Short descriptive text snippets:
● ● ●

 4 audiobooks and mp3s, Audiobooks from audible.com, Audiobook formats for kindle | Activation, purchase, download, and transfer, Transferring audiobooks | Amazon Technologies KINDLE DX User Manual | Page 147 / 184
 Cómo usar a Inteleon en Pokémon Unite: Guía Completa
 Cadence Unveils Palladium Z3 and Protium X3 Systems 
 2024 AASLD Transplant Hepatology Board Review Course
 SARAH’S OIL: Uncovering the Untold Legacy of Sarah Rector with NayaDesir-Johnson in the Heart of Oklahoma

● ● ●

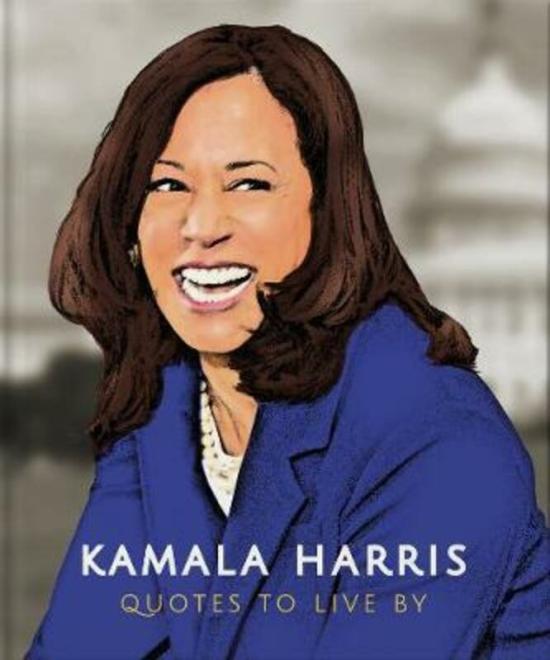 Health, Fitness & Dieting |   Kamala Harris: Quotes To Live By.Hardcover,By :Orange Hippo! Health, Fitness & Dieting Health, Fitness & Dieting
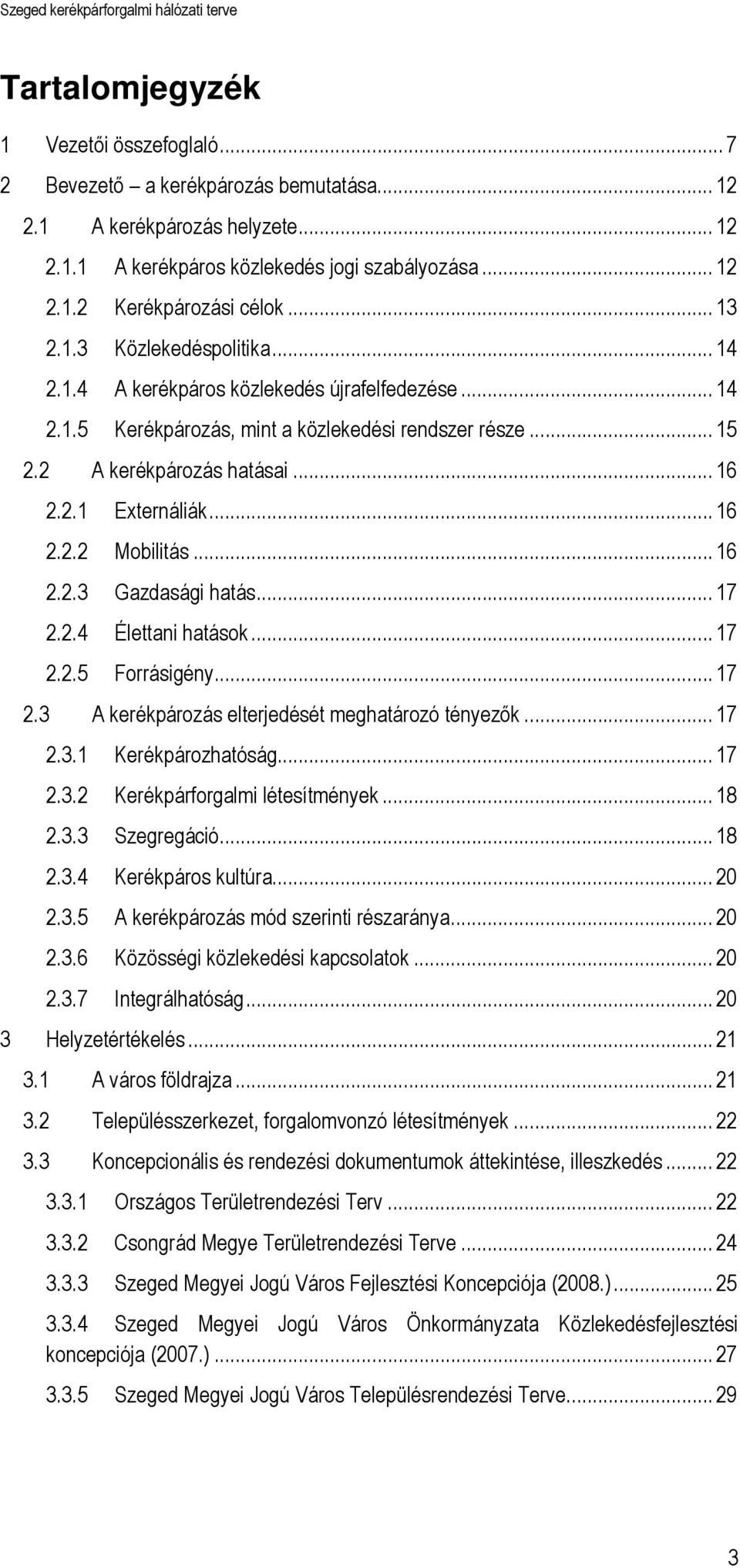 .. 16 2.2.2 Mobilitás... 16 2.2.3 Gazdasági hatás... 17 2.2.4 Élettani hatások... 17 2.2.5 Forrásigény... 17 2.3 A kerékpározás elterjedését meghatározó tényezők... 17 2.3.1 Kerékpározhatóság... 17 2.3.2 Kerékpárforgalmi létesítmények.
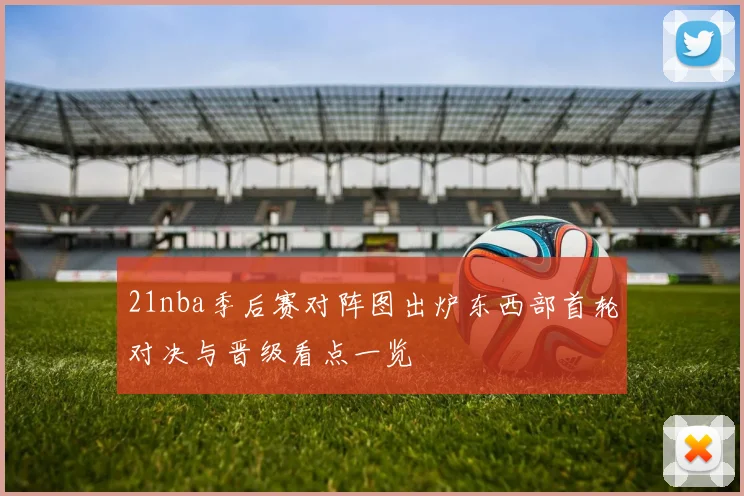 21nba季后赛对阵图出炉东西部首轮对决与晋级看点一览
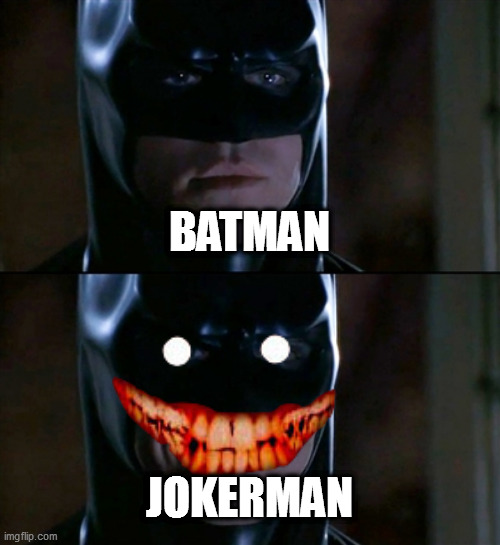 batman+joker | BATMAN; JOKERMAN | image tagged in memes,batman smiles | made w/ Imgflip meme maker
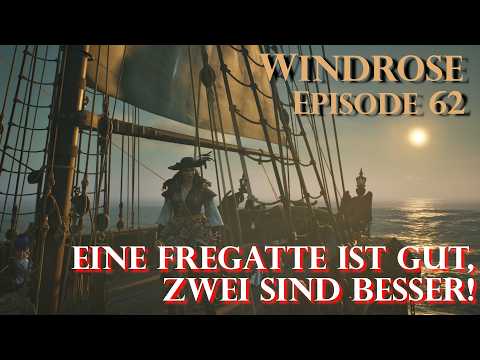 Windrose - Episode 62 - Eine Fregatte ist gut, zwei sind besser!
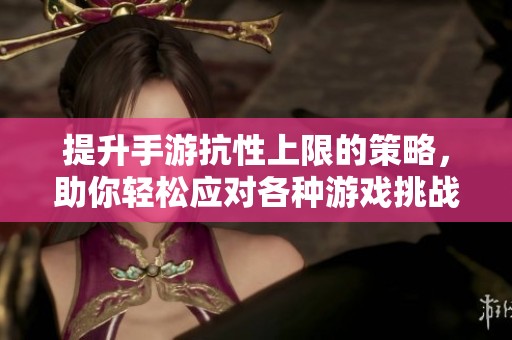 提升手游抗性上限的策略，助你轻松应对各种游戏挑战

● ● ●

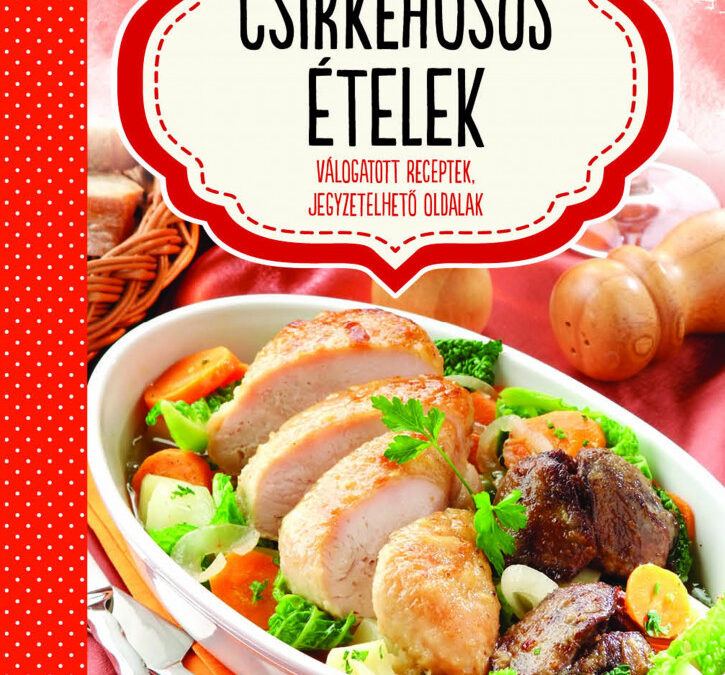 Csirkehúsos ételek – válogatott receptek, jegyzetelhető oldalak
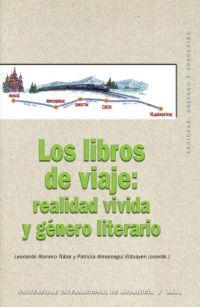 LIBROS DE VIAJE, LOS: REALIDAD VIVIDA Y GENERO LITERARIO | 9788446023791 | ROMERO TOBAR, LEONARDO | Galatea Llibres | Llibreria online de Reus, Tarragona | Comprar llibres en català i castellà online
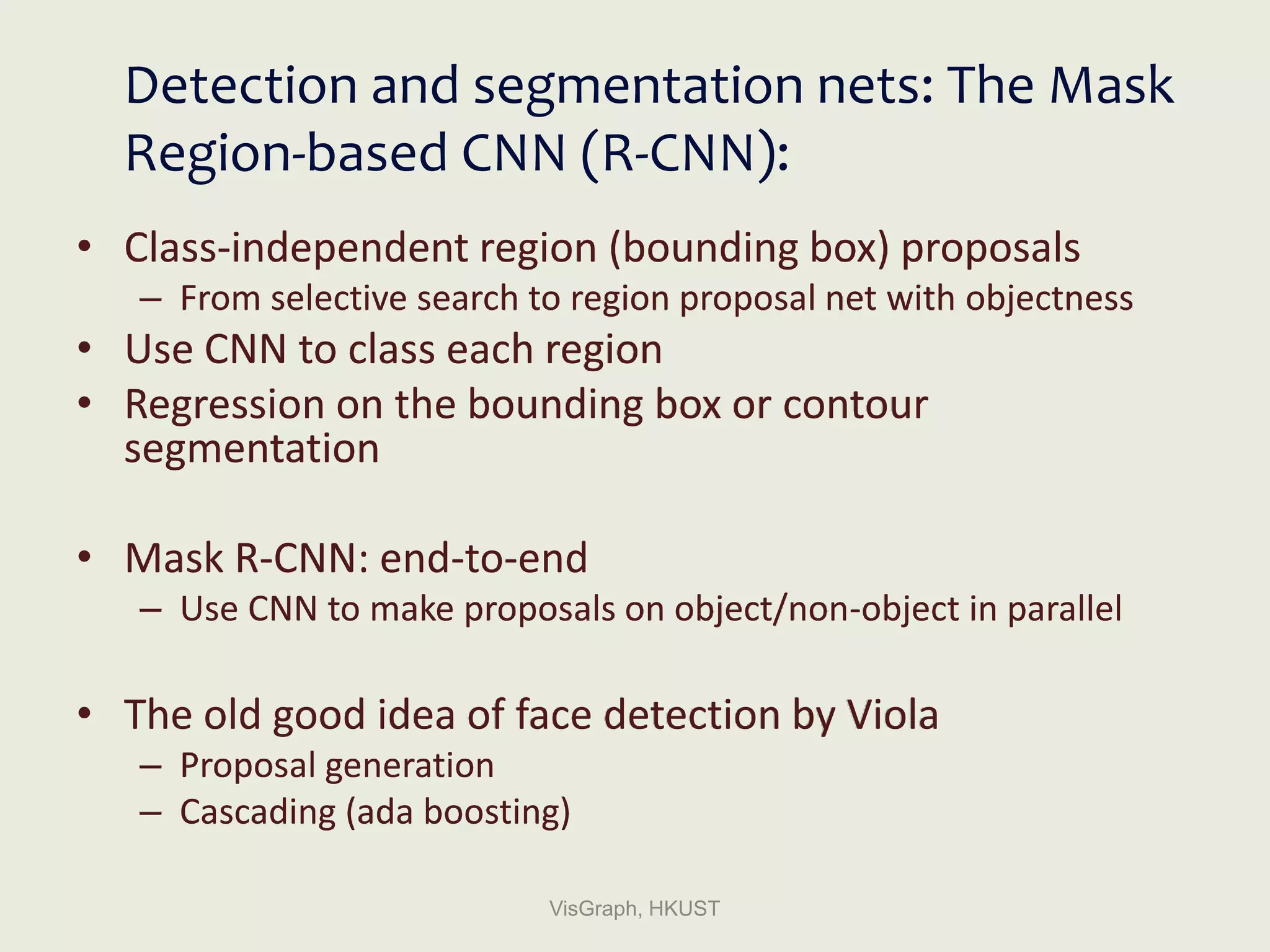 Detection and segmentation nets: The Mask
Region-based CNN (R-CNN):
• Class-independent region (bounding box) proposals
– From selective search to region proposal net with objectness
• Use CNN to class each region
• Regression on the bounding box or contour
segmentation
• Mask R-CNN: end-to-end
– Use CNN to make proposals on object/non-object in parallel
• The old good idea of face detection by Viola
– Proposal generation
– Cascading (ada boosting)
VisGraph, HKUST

● ● ●

§ To do: Could you restate word for word the lines above, from the one that contains "4 audiobooks and" through the one that contains "SARAH’S OIL: Uncovering", and no others?

§ Task output:
 4 audiobooks and mp3s, Audiobooks from audible.com, Audiobook formats for kindle | Activation, purchase, download, and transfer, Transferring audiobooks | Amazon Technologies KINDLE DX User Manual | Page 147 / 184
 Cómo usar a Inteleon en Pokémon Unite: Guía Completa
 Cadence Unveils Palladium Z3 and Protium X3 Systems 
 2024 AASLD Transplant Hepatology Board Review Course
 SARAH’S OIL: Uncovering the Untold Legacy of Sarah Rector with NayaDesir-Johnson in the Heart of Oklahoma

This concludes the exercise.